Legault accusé de favoriser les gros joueurs durant la crise
Des commerçants d’ici digèrent mal que les grandes bannières restent ouvertes
« EST-CE QUE J’ENGRAISSE ENCORE JEFF BEZOS ? IL Y A UN PROBLÈME D’ACHETER DE FAÇON SOUTENUE CHEZ AMAZON. »
– Frédéric Bourdon, propriétaire de Colobar Peinture & Décoration
Des détaillants d’ici accusent Québec de favoriser les grandes bannières américaines en leur permettant de rester ouvertes durant la crise, alors qu’ils doivent déjà se battre en ligne contre Walmart et Amazon.

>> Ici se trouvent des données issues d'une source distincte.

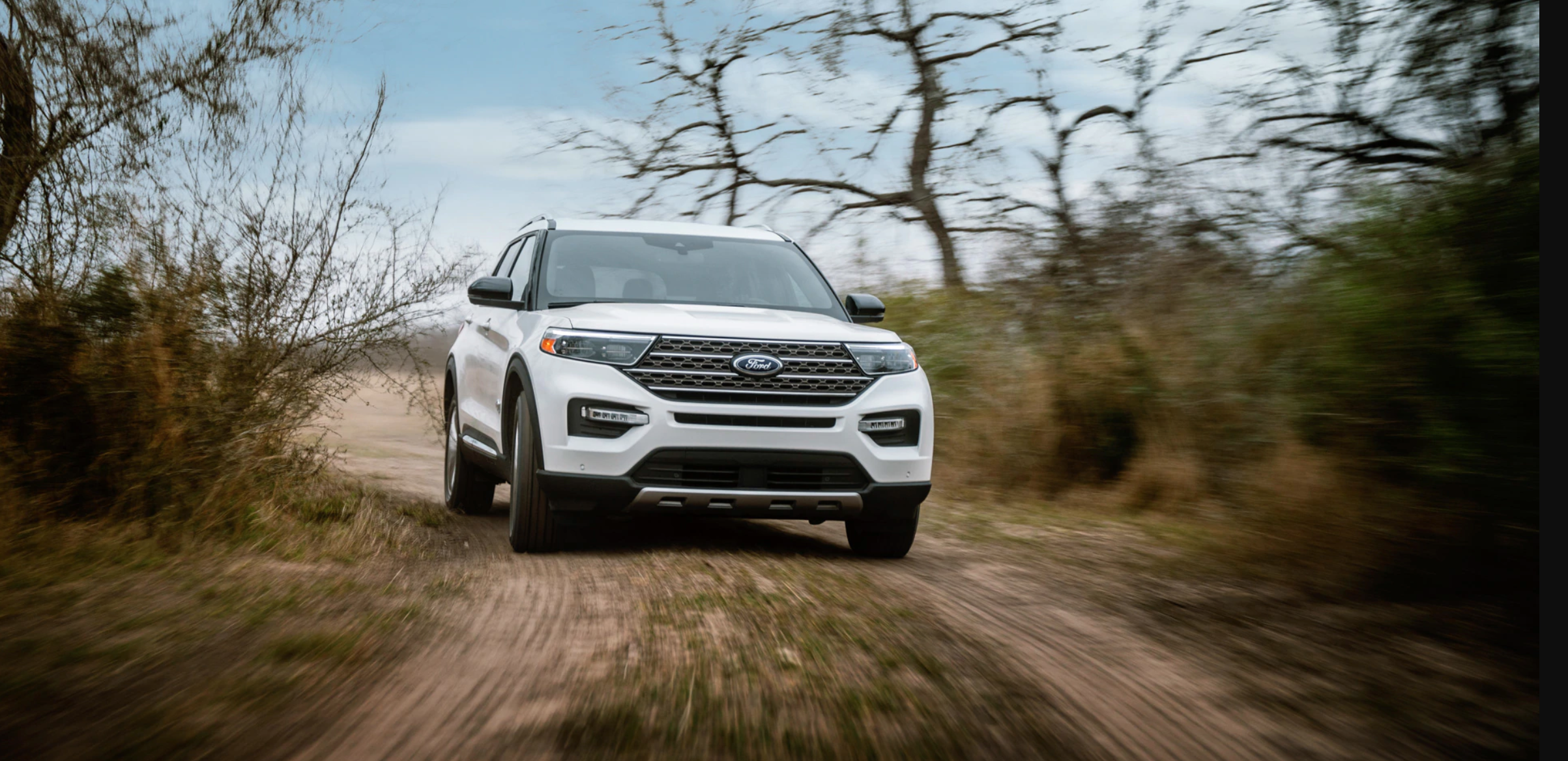 The 2021 Ford Explorer King Ranch edition driving on a dirt road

« Est-ce que j’engraisse encore Jeff Bezos ? Il y a un problème d’acheter de façon soutenue chez Amazon. Je trouve ça triste pour nos détaillants québécois », déplore Frédéric Bourdon, propriétaire de Colobar Peinture & Décoration, à Laval, qui s’en tire bien grâce à son site web, mais qui craint de voir d’autres commerçants disparaître si les Québécois continuent à acheter sur Amazon.
Une semaine après avoir lancé Le Panier Bleu pour favoriser l’achat local, des détaillants d’ici ne comprennent toujours pas pourquoi Québec permet aux grandes surfaces de vendre des produits non essentiels, alors qu’on les force à rester fermés.

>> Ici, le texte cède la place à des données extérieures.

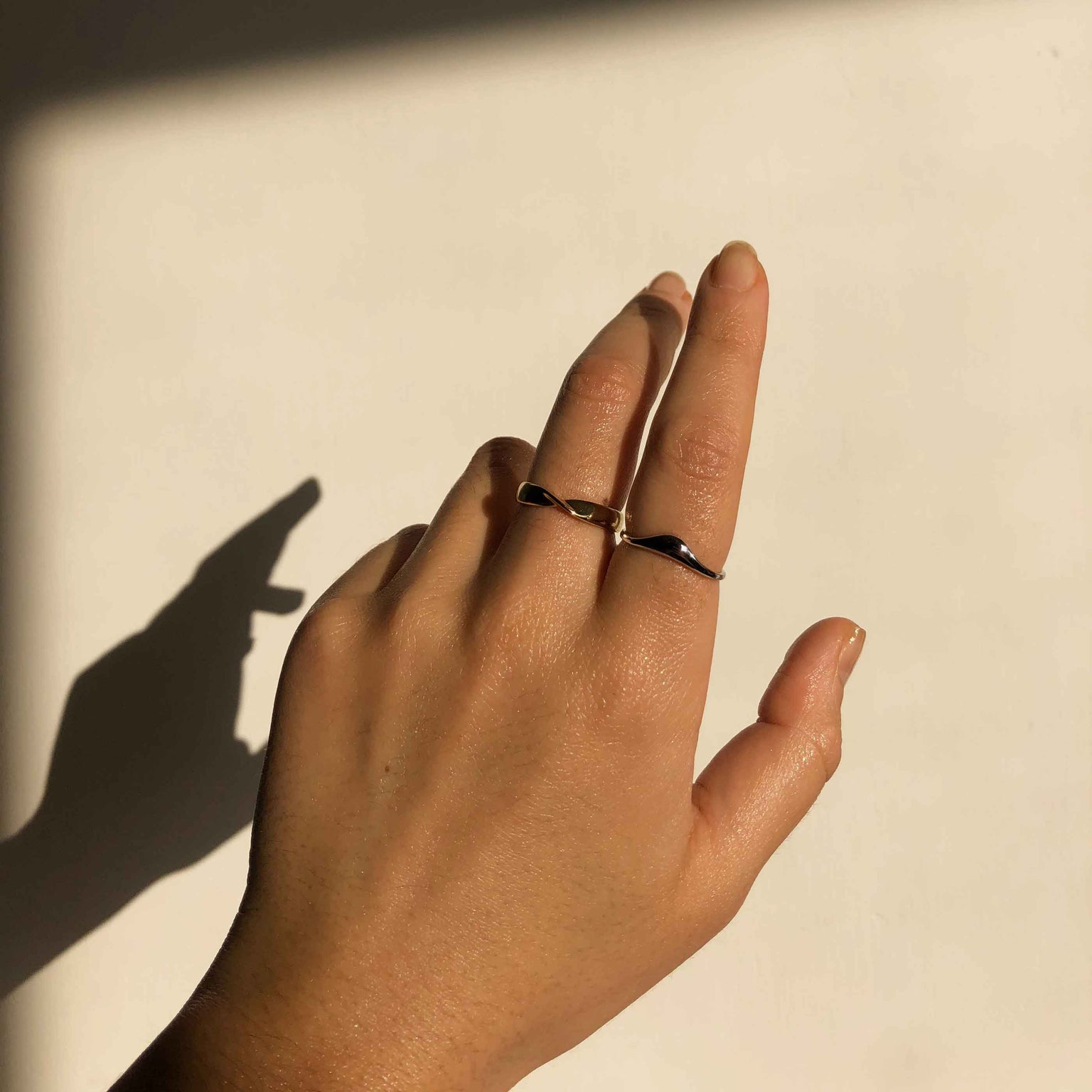 Elemental Ring in Gold worn with molten ring in silver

« C’est totalement injuste. On tombe à zéro. On est obligé de fermer nos commerces. On a 170 marchands, déplore Jacques Cloutier, directeur général de la bannière québécoise de couvre-plancher Déco Surfaces. Les consommateurs rentrent là [dans les grandes surfaces] et achètent d’autres produits, dont des couvre-planchers et de la peinture. »
RIEN NE BOUGE
Jeudi dernier, Le Journal a révélé que le Conseil québécois du commerce de détail (CQCD) souhaite fermer certaines sections de magasins à grande surface non essentielles pour aider les commerçants locaux, mais depuis, rien n’a bougé.

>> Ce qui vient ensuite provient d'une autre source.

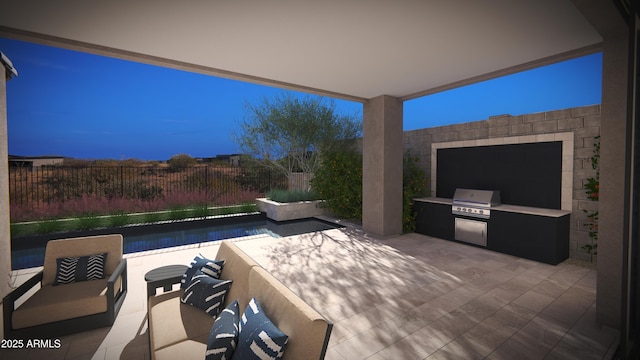 view of patio / terrace with a fenced backyard, grilling area, and exterior kitchen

« Je viens de passer devant un RONA et un Home Depot, et leur stationnement est plein à craquer, alors que nous, on est obligés de rester fermés », soupire Philippe Chapdelaine, directeur général de Flordeco couvre-planchers et décoration.
Pour le directeur général de Détail Québec, Manuel Champagne, ça ne peut plus durer. « Plus de 90 % des entreprises ici emploient moins de 20 personnes, alors elles n’arrivent pas à faire concurrence aux géants qui offrent de tout. C’est inéquitable », affirme-t-il.
Pire encore, selon lui, non seulement ces grandes surfaces font le plein de clients, mais elles sont de plus en plus agressives avec leurs publicités web pour les attirer.
« Les petits n’ont pas les moyens d’avoir leur propre service de livraison comme Walmart et Amazon, y compris de faire de la publicité à la télévision », ajoute M. Champagne.
Du côté des centres commerciaux, la situation n’est guère mieux. Depuis leur fermeture le 22 mars dernier, plusieurs détaillants québécois peinent à sortir la tête hors de l’eau.
« Notre boutique en ligne ne compense pas pour nos 24 magasins fermés », résume la PDG de Chaussures Panda, Linda Goulet.